## Goal of the exercise
From the line containing "12 Ami Basic" down to the line containing "Stol Houston 1674 (Grå)" in the records below, reproduce every line exactly, ends included, and omit all others.

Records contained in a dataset
════════════════════

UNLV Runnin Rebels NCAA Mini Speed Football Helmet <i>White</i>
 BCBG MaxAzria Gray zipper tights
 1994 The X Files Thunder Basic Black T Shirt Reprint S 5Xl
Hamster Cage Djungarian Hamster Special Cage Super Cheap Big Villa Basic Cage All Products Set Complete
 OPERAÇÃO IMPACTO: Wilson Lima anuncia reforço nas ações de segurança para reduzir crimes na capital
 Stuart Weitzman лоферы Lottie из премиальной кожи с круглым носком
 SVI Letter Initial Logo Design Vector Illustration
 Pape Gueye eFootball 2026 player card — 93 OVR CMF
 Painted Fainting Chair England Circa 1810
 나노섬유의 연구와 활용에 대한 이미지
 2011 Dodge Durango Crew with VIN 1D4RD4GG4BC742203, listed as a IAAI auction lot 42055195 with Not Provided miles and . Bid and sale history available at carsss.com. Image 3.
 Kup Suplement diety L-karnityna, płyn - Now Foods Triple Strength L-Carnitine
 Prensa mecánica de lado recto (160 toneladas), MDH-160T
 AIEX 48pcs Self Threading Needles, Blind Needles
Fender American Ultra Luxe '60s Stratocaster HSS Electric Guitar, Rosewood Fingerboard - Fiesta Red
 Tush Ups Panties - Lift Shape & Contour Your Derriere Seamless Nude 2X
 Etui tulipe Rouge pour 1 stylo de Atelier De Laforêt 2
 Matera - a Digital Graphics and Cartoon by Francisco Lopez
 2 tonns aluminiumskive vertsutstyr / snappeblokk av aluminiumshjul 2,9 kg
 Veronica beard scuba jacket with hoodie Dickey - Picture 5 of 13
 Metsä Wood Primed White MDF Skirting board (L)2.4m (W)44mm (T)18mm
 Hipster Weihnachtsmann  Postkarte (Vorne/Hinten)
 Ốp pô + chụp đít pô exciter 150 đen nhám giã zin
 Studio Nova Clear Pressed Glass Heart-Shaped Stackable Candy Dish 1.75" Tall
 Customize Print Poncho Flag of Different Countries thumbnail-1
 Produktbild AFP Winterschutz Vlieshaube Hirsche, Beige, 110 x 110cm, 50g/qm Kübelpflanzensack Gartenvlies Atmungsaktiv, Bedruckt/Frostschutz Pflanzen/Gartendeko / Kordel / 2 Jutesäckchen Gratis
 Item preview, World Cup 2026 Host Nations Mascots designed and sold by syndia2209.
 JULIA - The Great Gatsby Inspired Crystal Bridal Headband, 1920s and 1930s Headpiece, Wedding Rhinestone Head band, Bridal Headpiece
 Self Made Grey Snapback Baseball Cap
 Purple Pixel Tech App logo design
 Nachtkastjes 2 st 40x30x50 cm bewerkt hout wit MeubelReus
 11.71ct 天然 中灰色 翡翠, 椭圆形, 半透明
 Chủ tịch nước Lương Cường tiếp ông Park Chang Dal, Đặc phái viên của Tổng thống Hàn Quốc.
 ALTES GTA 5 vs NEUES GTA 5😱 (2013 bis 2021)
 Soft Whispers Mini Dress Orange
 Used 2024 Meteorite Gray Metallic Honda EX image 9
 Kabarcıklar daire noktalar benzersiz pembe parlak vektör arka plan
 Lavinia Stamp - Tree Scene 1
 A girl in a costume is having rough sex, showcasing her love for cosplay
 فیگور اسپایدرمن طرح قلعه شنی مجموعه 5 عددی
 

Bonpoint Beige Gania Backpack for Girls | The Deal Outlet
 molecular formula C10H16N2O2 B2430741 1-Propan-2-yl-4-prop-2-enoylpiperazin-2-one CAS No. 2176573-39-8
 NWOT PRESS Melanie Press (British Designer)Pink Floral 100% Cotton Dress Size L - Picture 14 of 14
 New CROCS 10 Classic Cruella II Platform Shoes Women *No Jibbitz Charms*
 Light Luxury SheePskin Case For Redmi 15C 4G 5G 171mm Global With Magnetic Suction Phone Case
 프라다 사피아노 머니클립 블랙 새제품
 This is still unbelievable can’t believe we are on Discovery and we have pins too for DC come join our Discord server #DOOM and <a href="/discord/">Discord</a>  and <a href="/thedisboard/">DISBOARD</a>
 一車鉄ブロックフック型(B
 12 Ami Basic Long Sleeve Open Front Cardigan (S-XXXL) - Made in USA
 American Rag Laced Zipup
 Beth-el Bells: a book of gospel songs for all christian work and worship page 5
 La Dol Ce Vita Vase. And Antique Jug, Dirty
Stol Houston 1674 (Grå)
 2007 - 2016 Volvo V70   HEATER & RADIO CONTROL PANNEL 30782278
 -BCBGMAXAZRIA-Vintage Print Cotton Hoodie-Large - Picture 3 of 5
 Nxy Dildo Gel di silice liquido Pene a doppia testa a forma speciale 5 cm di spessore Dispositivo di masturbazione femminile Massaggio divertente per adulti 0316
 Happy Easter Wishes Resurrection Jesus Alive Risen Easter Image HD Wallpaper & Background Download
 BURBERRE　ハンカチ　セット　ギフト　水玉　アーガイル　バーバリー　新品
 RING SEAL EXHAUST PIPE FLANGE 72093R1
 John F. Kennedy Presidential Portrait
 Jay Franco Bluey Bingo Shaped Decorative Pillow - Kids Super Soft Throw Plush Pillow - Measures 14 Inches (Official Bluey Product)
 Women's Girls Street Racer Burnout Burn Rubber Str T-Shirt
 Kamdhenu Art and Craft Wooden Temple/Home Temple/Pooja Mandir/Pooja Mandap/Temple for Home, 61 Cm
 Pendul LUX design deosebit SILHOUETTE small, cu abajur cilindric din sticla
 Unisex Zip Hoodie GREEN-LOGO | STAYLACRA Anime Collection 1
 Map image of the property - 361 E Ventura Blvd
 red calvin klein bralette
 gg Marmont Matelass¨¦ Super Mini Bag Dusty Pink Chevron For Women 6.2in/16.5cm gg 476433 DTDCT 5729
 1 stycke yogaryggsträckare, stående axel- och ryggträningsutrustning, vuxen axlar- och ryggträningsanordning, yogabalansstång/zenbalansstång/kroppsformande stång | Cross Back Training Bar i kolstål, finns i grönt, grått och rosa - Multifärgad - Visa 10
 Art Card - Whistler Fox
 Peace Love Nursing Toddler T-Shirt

════════════════════

## Exercise result
 12 Ami Basic Long Sleeve Open Front Cardigan (S-XXXL) - Made in USA
 American Rag Laced Zipup
 Beth-el Bells: a book of gospel songs for all christian work and worship page 5
 La Dol Ce Vita Vase. And Antique Jug, Dirty
Stol Houston 1674 (Grå)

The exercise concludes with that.